• [Data block]

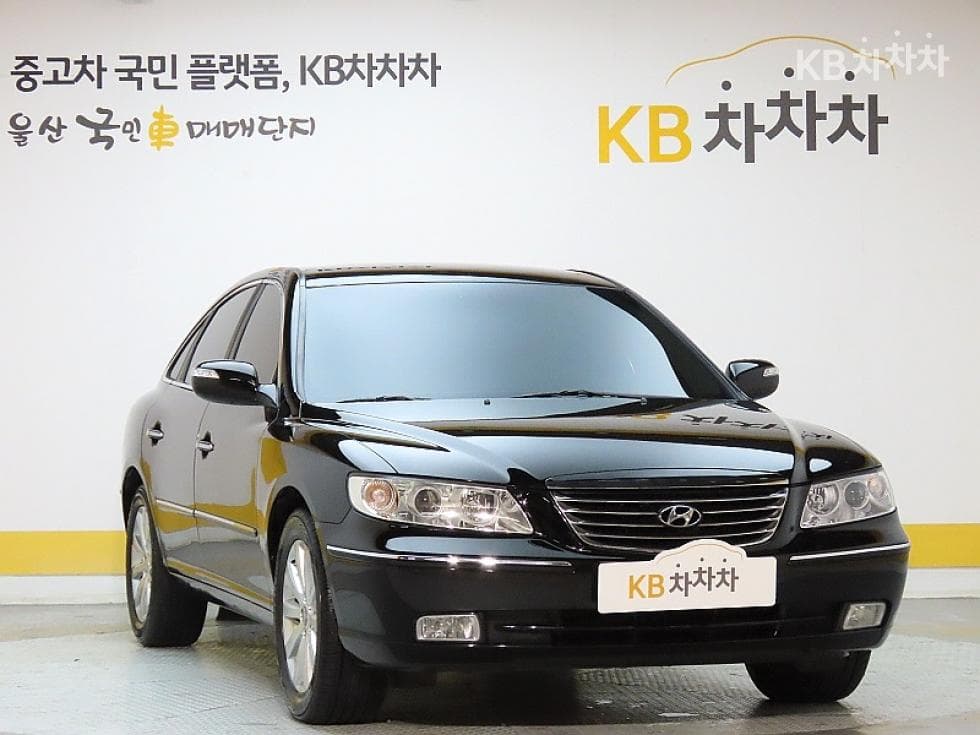 Hyundai Grandeur (Azera) New LuxuryQ270 Luxury Standard - 3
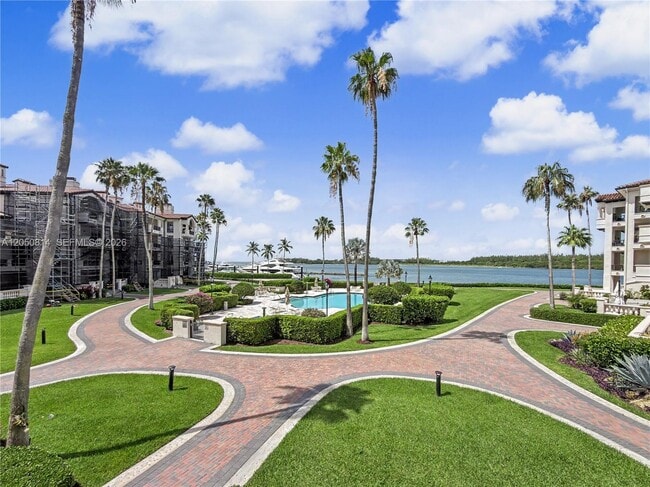 Building Photo - 2124 Fisher Island Dr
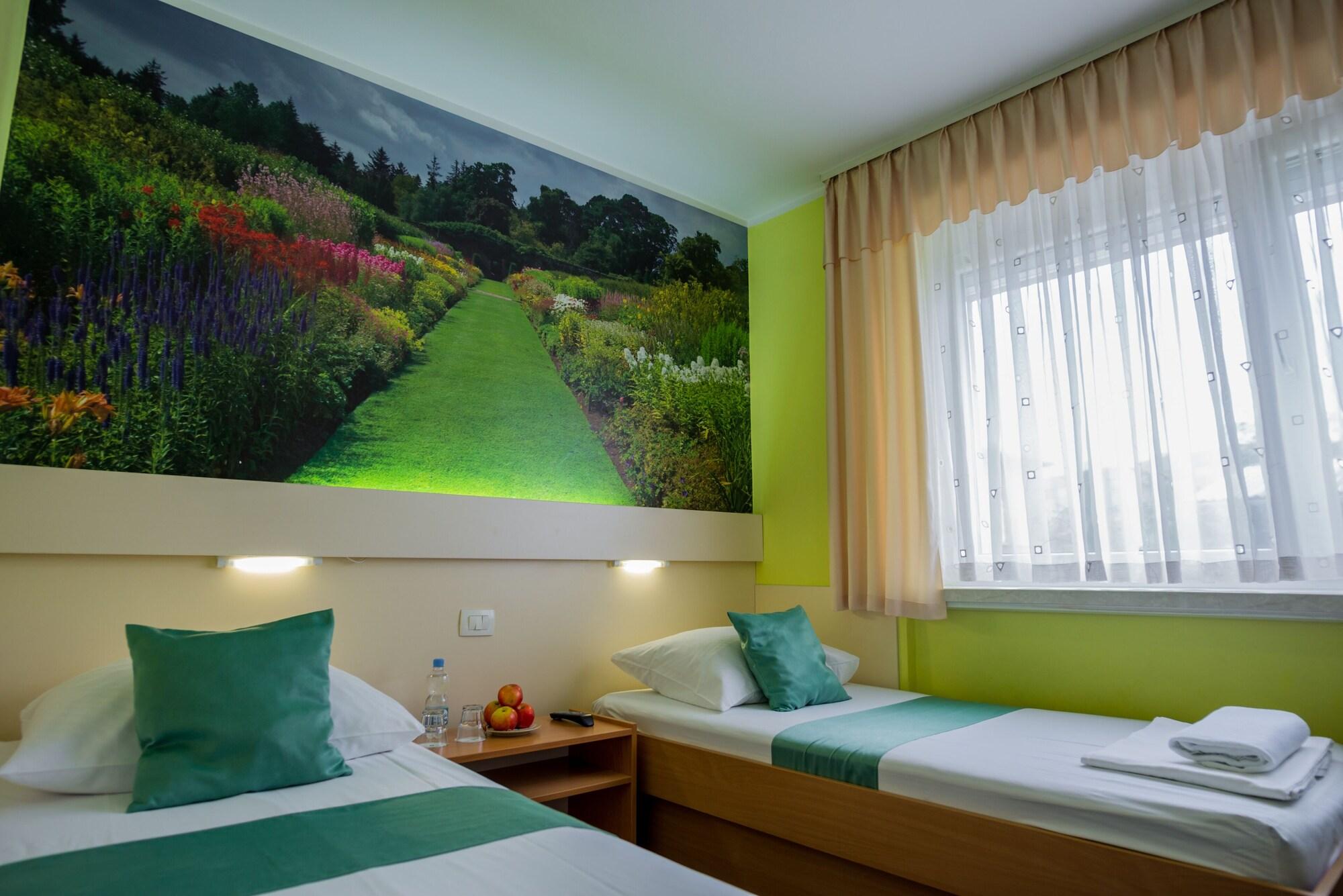 Hotel Tabor Марибор Экстерьер фото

• [Problem details] Every line from the one containing "Building Photo - 2124 Fisher Island Dr" to the end of the material above is to be returned exactly, with the pictures left out.

• [Exercise answer]
 Building Photo - 2124 Fisher Island Dr
 Hotel Tabor Марибор Экстерьер фото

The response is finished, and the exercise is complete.